Accord, OAG 78-346; OAG 78-796; OAG 79-96. These opinions are premised on the notion that:
While minutes may be amended to complete it so as to reflect the truth of what occurred (such as to include an actual vote count), deficiencies in the minutes cannot be corrected by an amendment which is based upon oral testimony or affidavit of an action by the board not even reflected in the minutes.
OAG 79-96, p. 3. To hold otherwise "would lessen, if not destroy, the faith of the public in the verity and permanence of public records. "
Janutola & Comadori Construction Co. v. Taulbee, 229 Ky. 213, 16 S.W.2d 1026, 1052, cited in OAG 78-346.

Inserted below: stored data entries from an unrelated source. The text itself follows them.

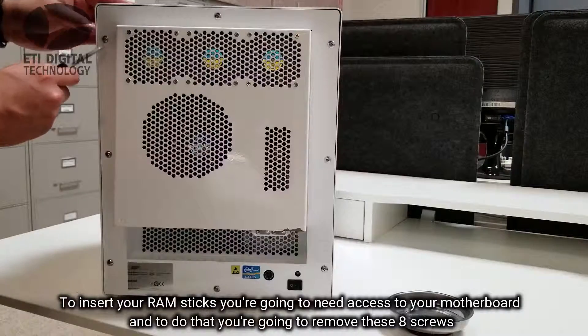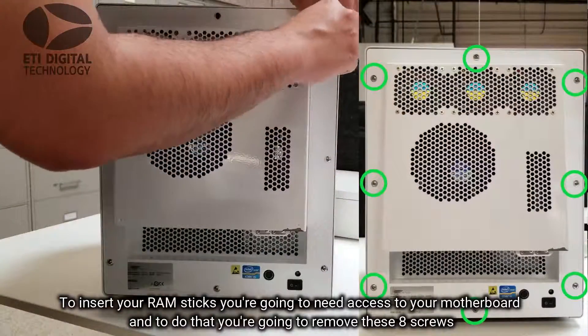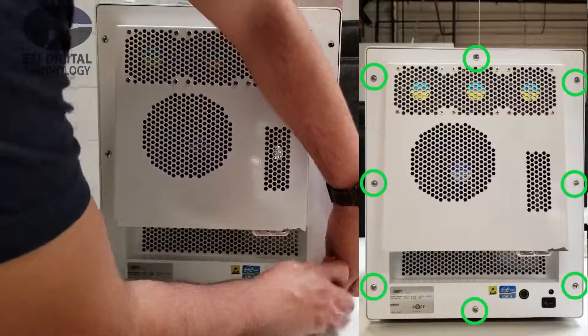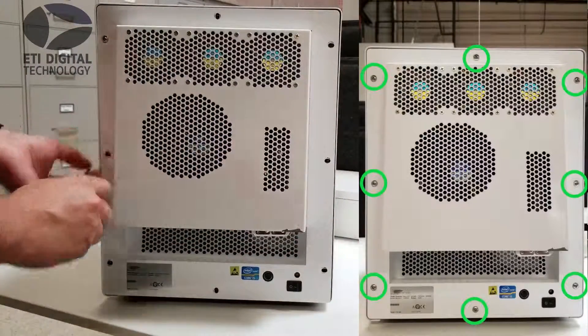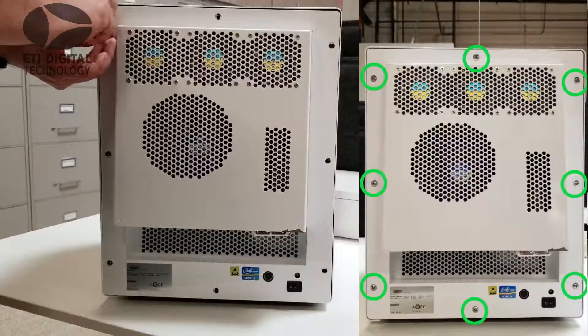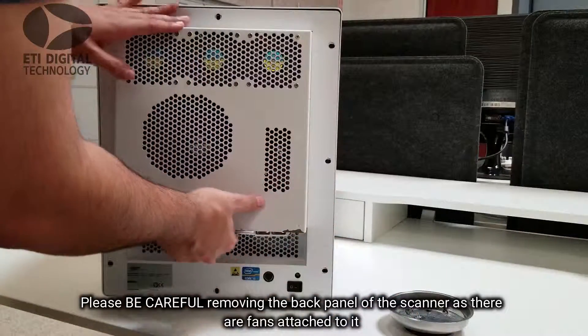To insert your RAM sticks you're going to need access to your motherboard, and to do that you're going to need to remove these eight screws. Please be careful removing the back panel of the scanner as there are fans attached to it.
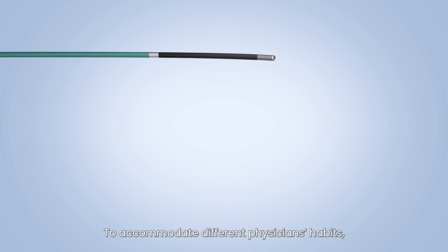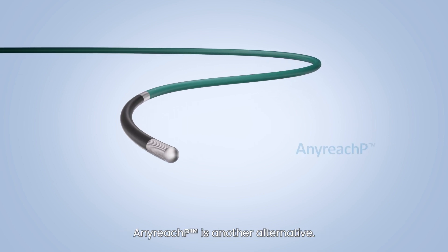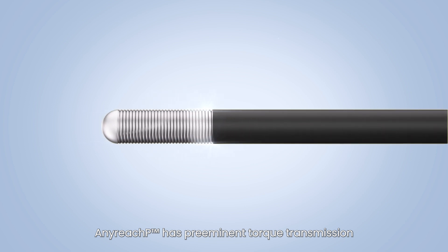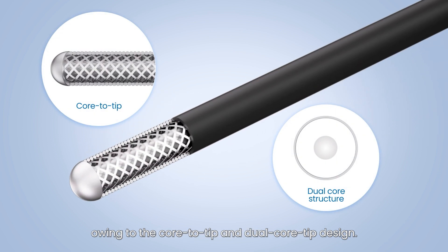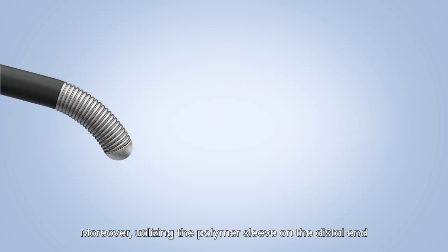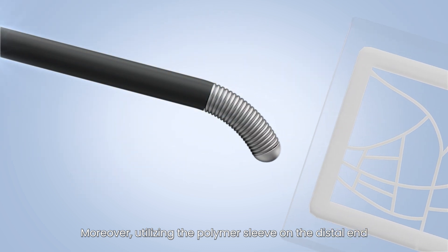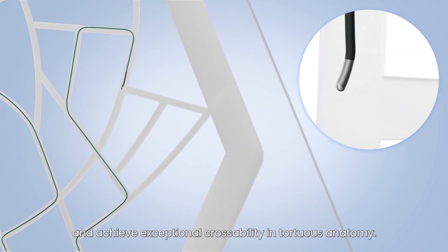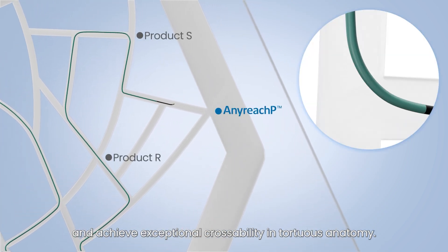To accommodate different physician's habits, AnyReach P is another alternative. AnyReach P has preeminent torque transmission owing to the core-to-tip and dual core tip design. Moreover, utilizing a polymer sleeve on the distal end with hydrophilic coating can greatly minimize friction and achieve exceptional crossability in tortuous anatomy.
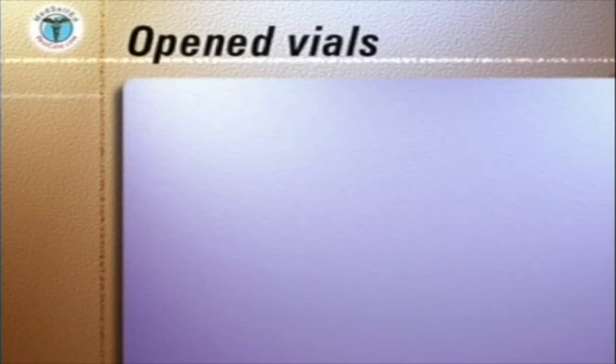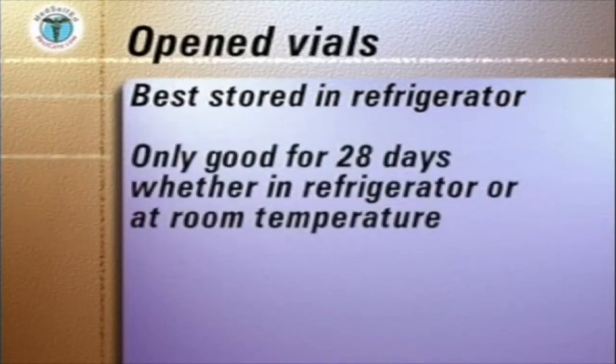Open vials are best stored in the refrigerator to provide a constant temperature. Whether refrigerated or not, open vials are only good for 28 days.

Because the modifications to the minutes approved by the Hurstbourne City Commission "change the minutes to show something other than what actually occurred at the previous meeting," those modifications fall within the prohibitions set forth above. The net effect of those modifications was to reflect compliance with the requirements of KRS 61.815(1)(a), when in reality the Commission did not comply with the requirements. As in OAG 77-494, the fact that the minutes had not yet been approved does not alter our conclusion. The minutes of the December 9 Commission meeting must contain "an accurate record of votes and actions at such meetings," and the Commission's actions with respect to KRS 61.815(1)(a) were deficient. The minutes must record this fact.
This is not to say that typographical/spelling errors cannot be corrected prior to approving draft minutes, or that, consistent with the principles articulated above, modifications cannot be made to insure that the minutes conform to the facts. The modifications approved by the Hurstbourne City Commission resulted in a deviation from the facts and were therefore improper and inconsistent with the requirements found at KRS 61.835.
A party aggrieved by this decision may appeal it by initiating action in the appropriate circuit court pursuant to KRS 61.846(4)(a). The Attorney General should be notified of any action in circuit court, but should not be named as a party in that action or in any subsequent proceedings.
Mayor Furman F. WallaceMayor, City of Hurstbourne904 Col. Anderson Pky.Louisville, KY 40222
Robert C. EnglishCommissionerCity of Hurstbourne304 Whittington Parkway, Suite 100Louisville, KY 40222
Foster HaunzHaunz & LuekeOne Riverfront Plaza, Suite 2016401 West Main StreetLouisville, KY 40202-4234
Footnotes
Footnotes
1 KRS 61.846(2) requires a complaining party to appeal a public agency's denial of an open meetings complaint within sixty days of receipt by that party of the denial. As noted, Mayor Wallace filed his appeal on the fifty-ninth day after receipt of the agency's denial.
2 In 00-OMD-114, this office declined to treat a violation of the Open Meetings Act as "technical." At page 3 of that decision we reasoned that "[t]he Act itself does not recognize a class of violations of lesser gravity than the remaining violations, and therefore capable of being dismissed as merely 'technical.'" Here, too, we decline the invitation to treat the violation as technical.